Record extracts →
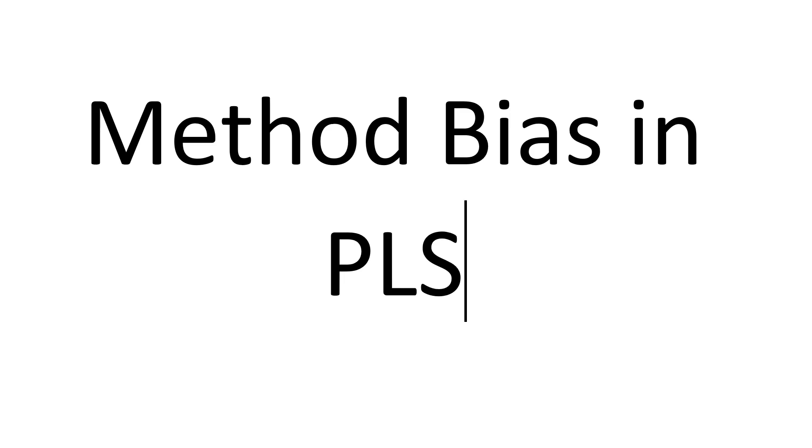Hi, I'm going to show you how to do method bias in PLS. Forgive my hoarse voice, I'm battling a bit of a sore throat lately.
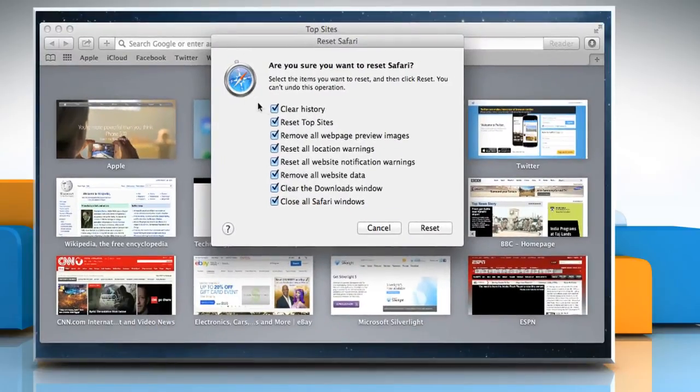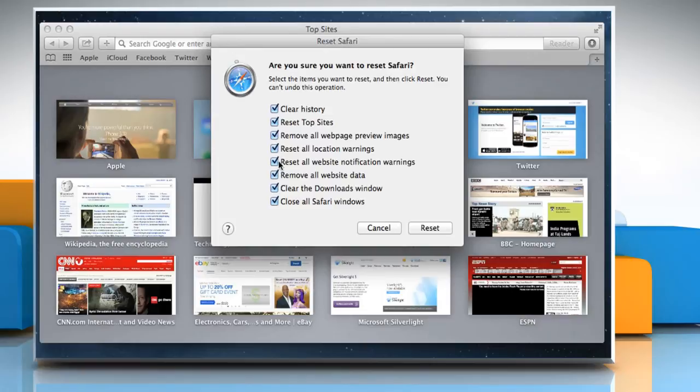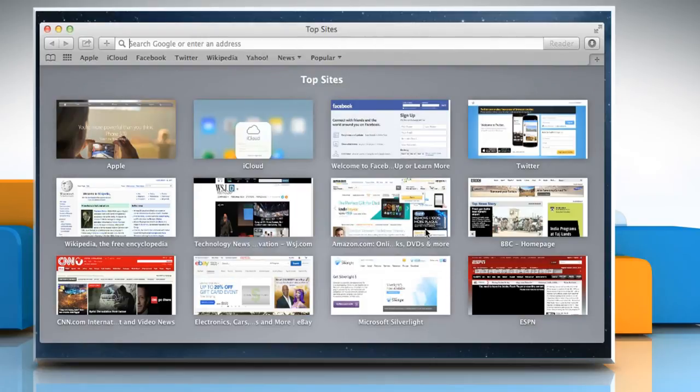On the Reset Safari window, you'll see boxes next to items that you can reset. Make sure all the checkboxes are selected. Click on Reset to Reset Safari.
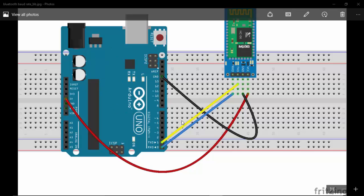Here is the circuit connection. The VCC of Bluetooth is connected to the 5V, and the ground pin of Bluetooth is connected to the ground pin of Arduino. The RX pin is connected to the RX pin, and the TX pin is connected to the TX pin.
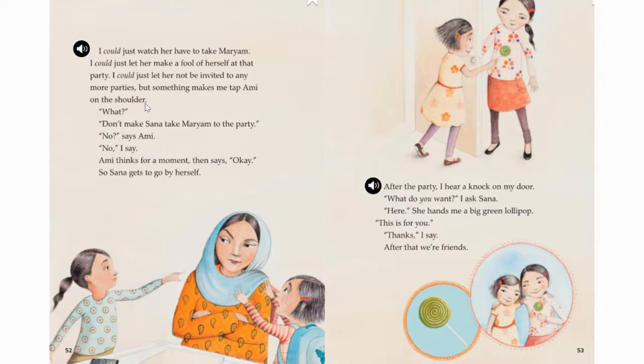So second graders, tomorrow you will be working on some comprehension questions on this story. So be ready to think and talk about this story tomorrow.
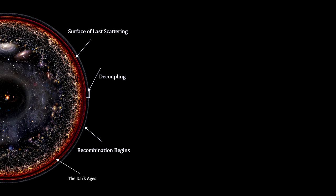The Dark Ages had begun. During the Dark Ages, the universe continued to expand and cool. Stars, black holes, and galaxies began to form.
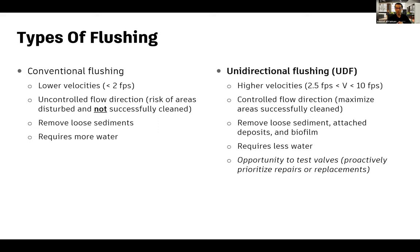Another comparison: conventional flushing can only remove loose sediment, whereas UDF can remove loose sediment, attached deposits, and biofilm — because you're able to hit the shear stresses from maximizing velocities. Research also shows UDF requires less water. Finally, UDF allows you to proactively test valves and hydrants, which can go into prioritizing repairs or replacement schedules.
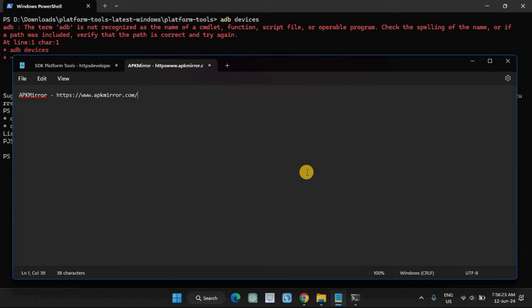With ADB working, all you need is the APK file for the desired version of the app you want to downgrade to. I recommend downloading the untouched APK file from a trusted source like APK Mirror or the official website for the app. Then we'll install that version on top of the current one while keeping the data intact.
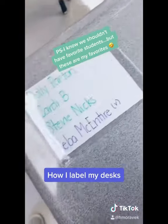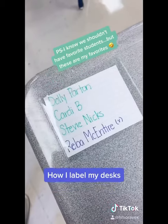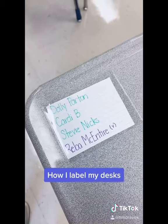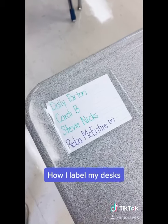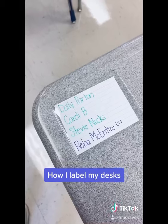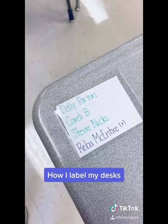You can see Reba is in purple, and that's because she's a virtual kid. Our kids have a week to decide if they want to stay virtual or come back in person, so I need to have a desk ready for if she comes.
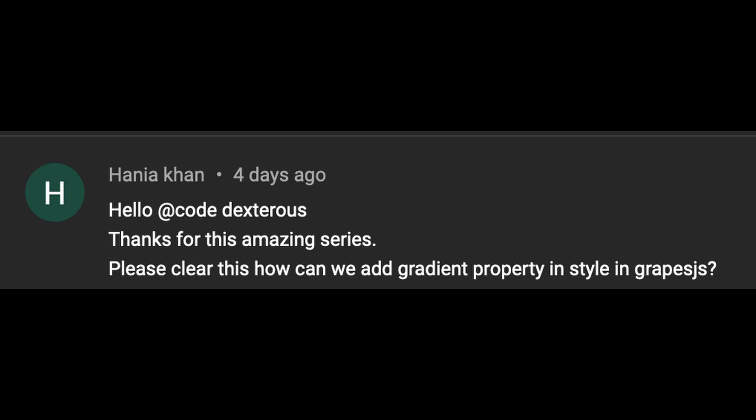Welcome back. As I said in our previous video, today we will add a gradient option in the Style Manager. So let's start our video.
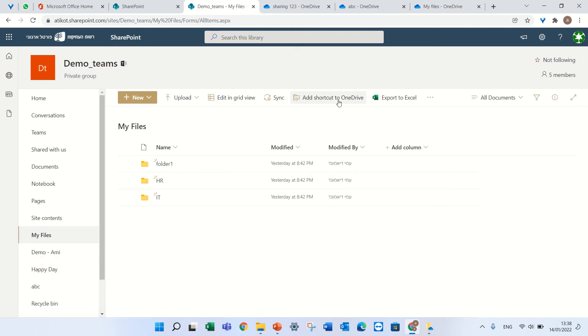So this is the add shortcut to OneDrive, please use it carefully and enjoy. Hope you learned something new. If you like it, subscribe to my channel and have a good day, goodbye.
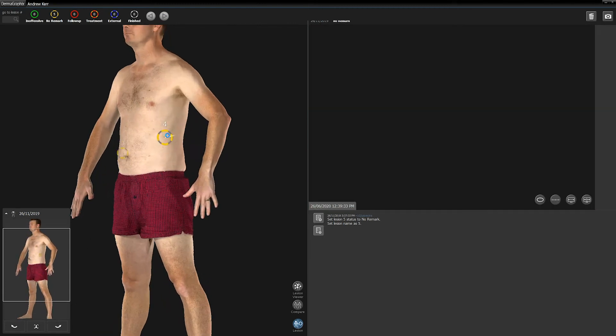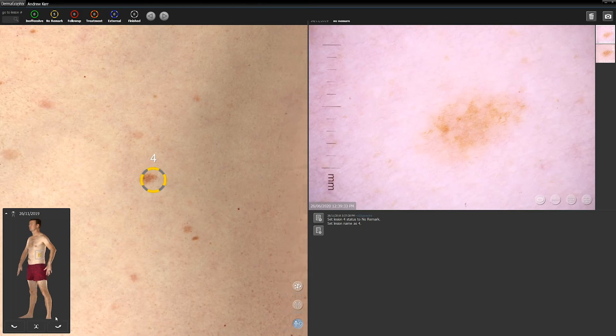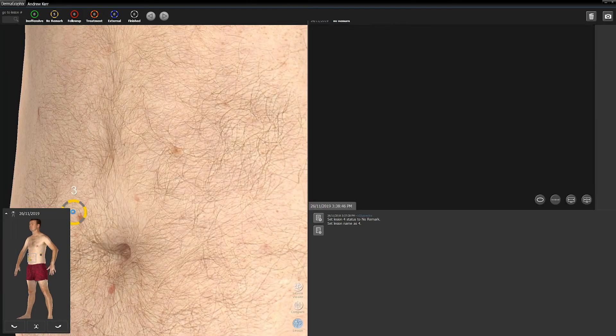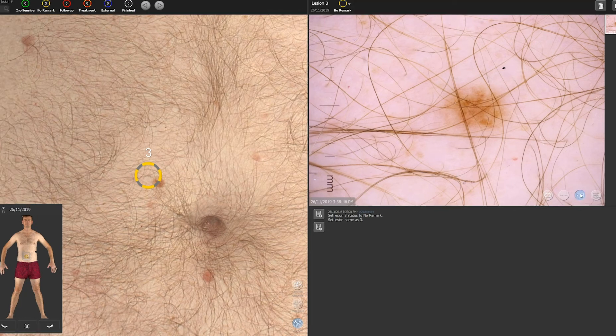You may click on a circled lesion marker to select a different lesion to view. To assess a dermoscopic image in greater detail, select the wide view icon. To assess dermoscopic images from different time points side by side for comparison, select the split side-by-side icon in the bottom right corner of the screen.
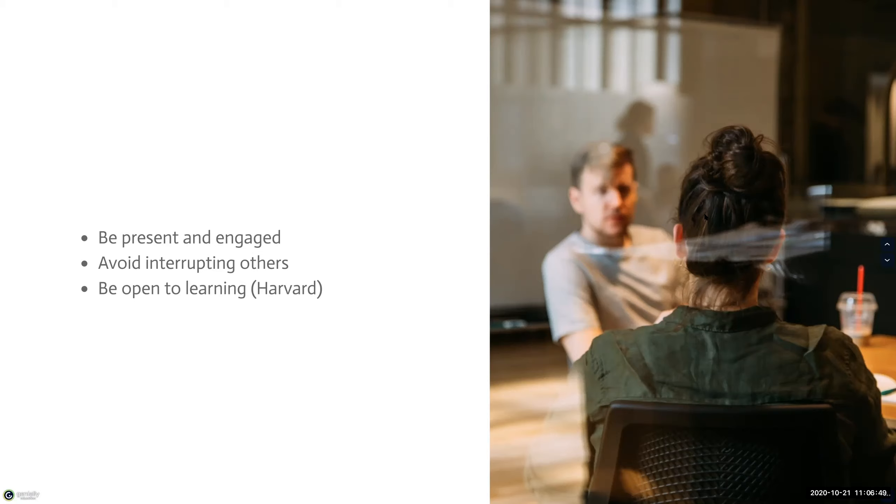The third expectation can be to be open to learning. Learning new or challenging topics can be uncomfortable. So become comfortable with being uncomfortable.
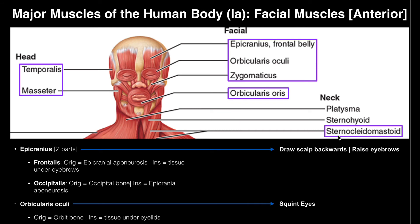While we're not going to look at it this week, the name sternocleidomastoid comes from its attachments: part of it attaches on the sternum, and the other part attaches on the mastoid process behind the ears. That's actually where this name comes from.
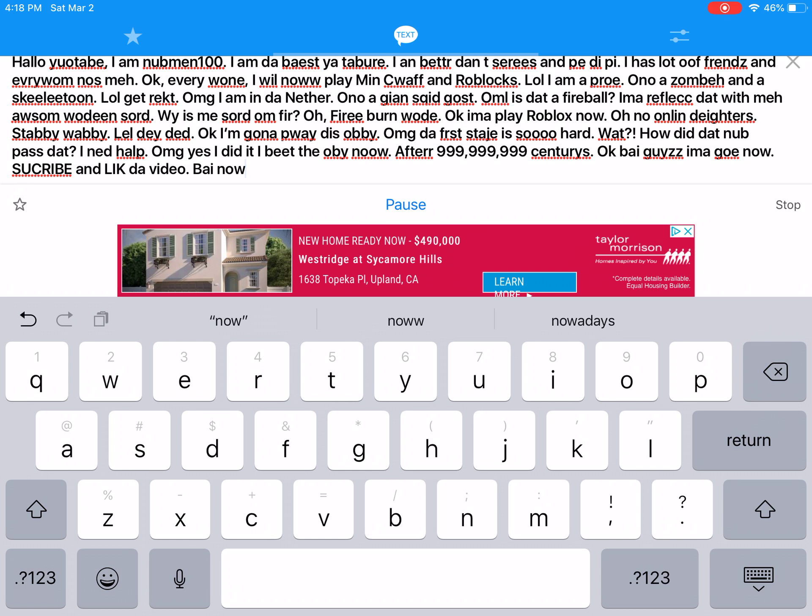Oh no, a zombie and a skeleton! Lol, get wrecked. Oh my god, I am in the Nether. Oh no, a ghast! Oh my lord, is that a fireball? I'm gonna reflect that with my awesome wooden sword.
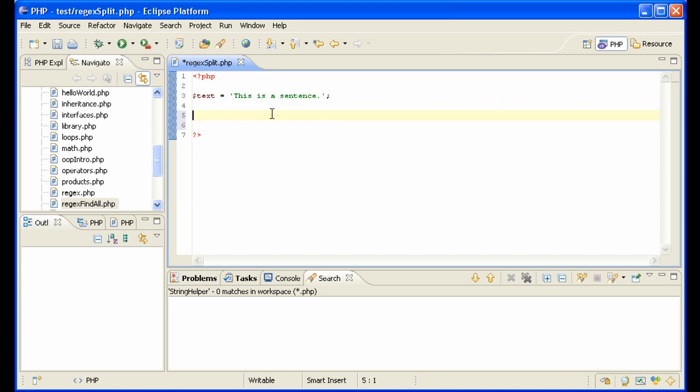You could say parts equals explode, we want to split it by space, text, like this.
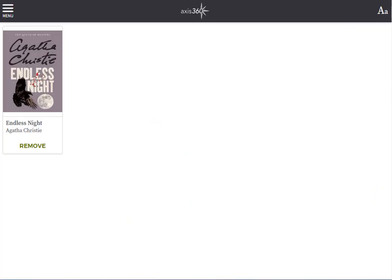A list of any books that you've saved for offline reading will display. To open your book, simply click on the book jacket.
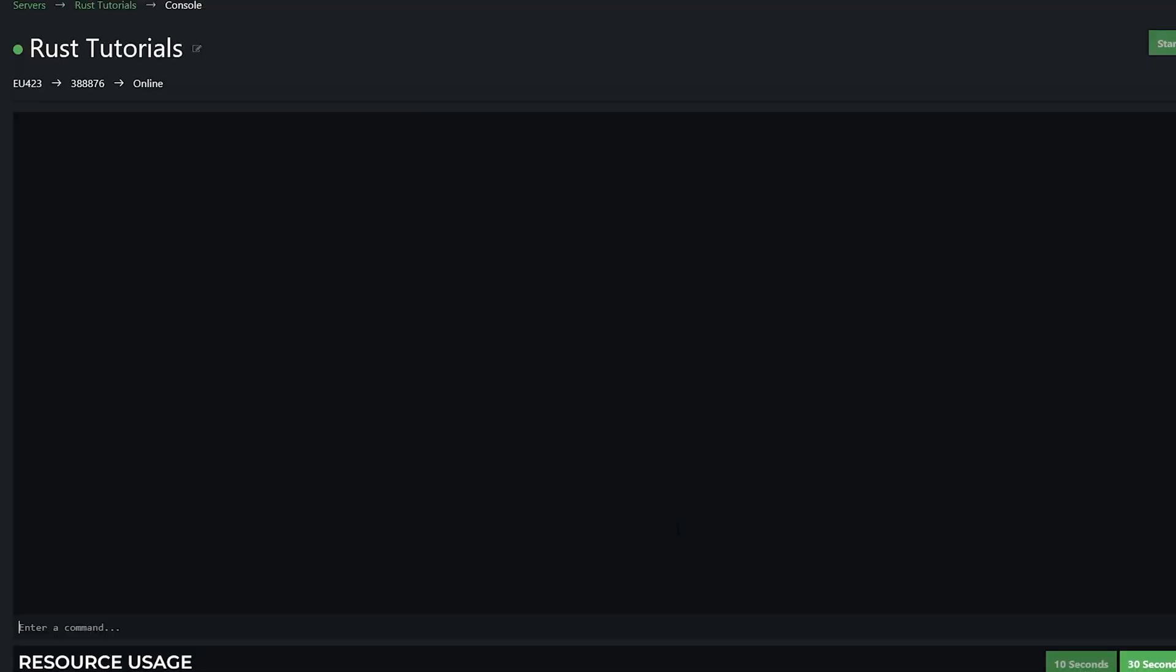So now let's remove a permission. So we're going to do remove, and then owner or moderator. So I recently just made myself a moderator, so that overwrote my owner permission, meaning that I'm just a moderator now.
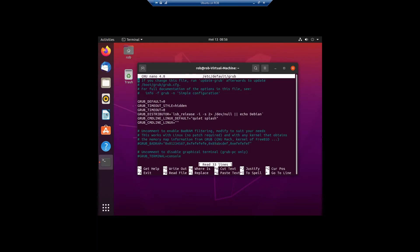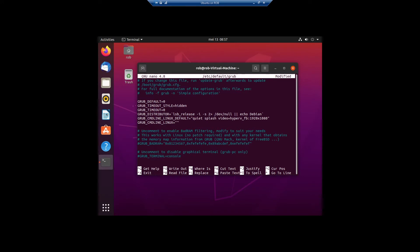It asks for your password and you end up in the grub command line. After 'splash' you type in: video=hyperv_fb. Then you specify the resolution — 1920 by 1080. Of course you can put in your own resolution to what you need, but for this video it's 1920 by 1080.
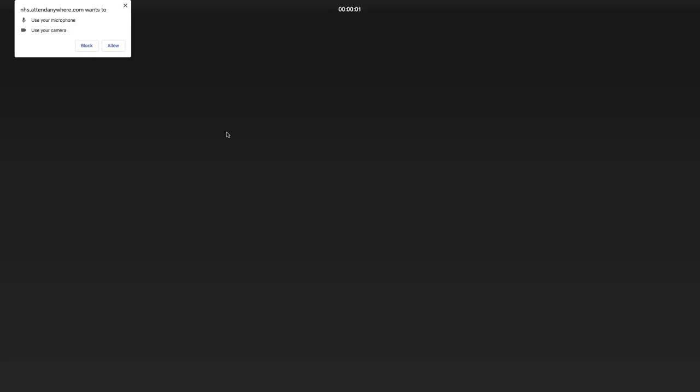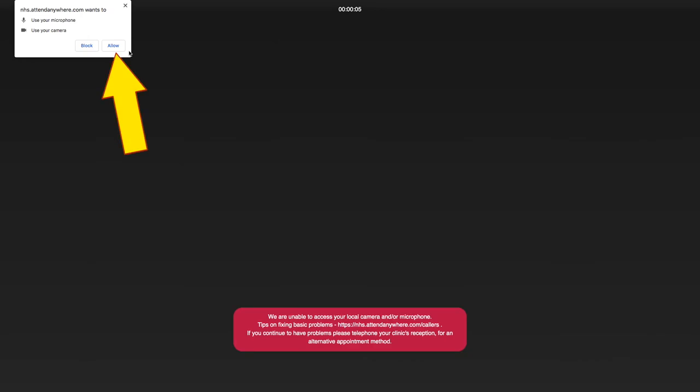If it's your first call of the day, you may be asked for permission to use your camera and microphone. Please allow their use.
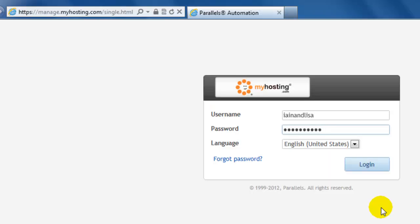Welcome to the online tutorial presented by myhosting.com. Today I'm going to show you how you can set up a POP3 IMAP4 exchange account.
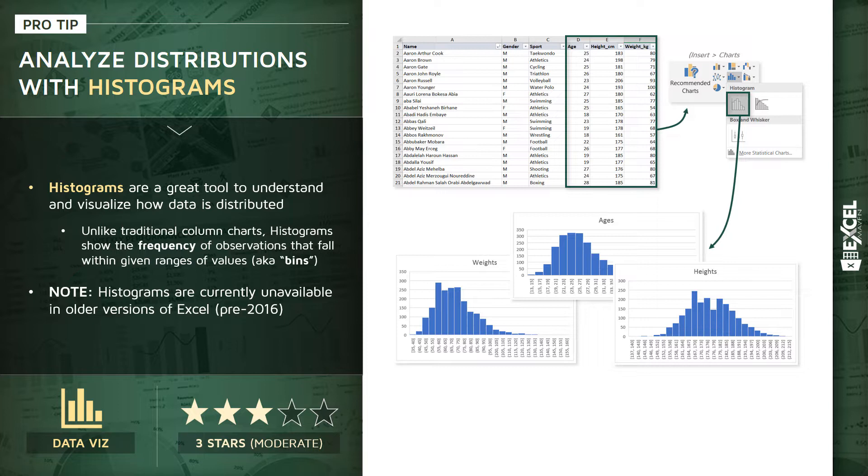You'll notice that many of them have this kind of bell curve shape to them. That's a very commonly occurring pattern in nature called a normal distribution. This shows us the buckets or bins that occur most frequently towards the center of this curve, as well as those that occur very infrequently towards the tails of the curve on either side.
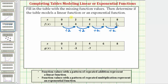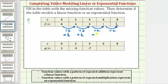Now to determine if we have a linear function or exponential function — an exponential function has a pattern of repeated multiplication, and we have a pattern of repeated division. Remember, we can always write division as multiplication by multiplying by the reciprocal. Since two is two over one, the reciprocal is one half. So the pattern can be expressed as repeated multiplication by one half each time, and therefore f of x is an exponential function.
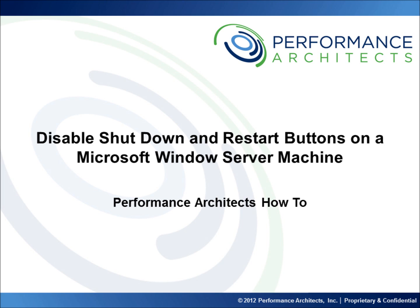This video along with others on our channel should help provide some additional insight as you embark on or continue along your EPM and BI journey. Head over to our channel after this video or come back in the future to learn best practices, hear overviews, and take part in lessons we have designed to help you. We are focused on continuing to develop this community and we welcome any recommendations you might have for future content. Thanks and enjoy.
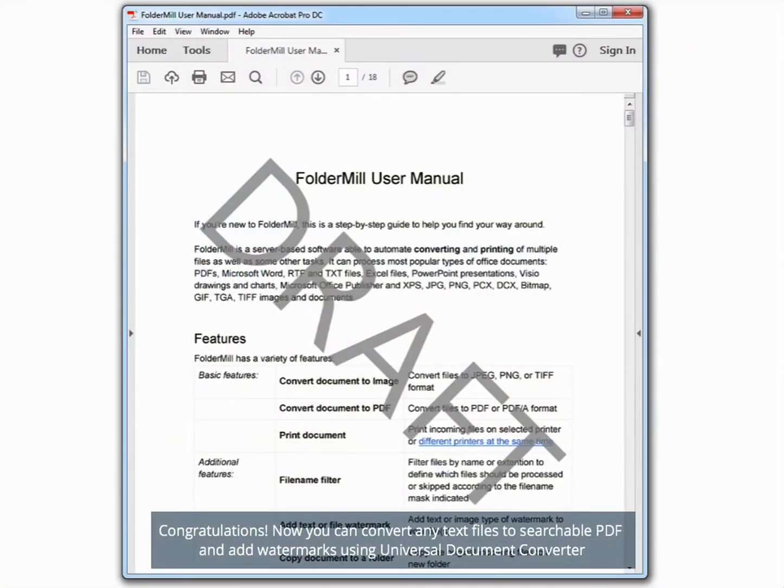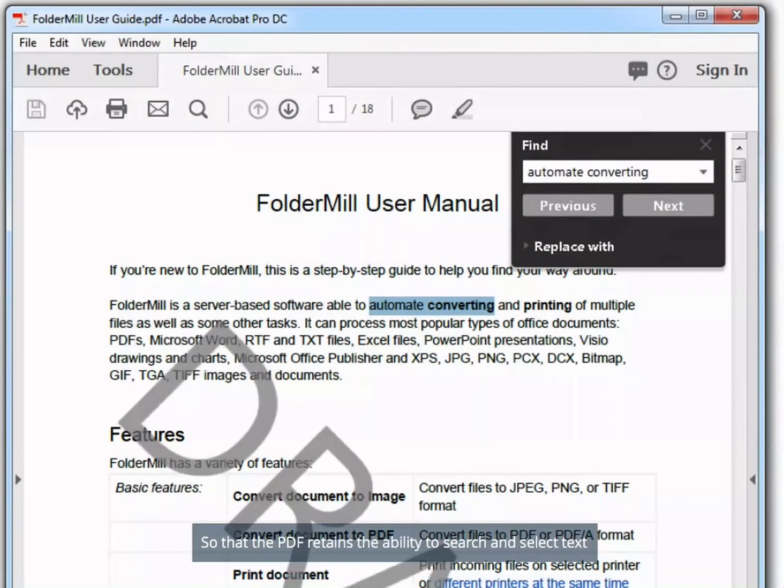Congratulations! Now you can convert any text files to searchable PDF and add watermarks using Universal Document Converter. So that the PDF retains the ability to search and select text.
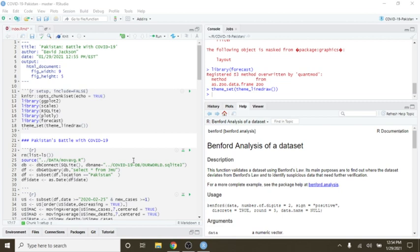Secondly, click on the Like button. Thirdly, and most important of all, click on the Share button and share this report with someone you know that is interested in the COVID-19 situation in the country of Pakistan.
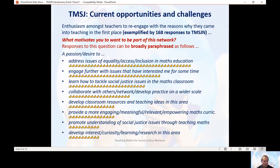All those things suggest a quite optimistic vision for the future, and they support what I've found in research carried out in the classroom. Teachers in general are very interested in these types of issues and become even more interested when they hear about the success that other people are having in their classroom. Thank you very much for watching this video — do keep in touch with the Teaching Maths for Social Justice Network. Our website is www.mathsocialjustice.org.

Exercise prompt → The answer is the lines of the material above, from the one containing "Oh no, a zombie" down to the one containing "You could say", given exactly and without images.

Solution to the problem →
Oh no, a zombie and a skeleton! Lol, get wrecked. Oh my god, I am in the Nether. Oh no, a ghast! Oh my lord, is that a fireball? I'm gonna reflect that with my awesome wooden sword.
You could say parts equals explode, we want to split it by space, text, like this.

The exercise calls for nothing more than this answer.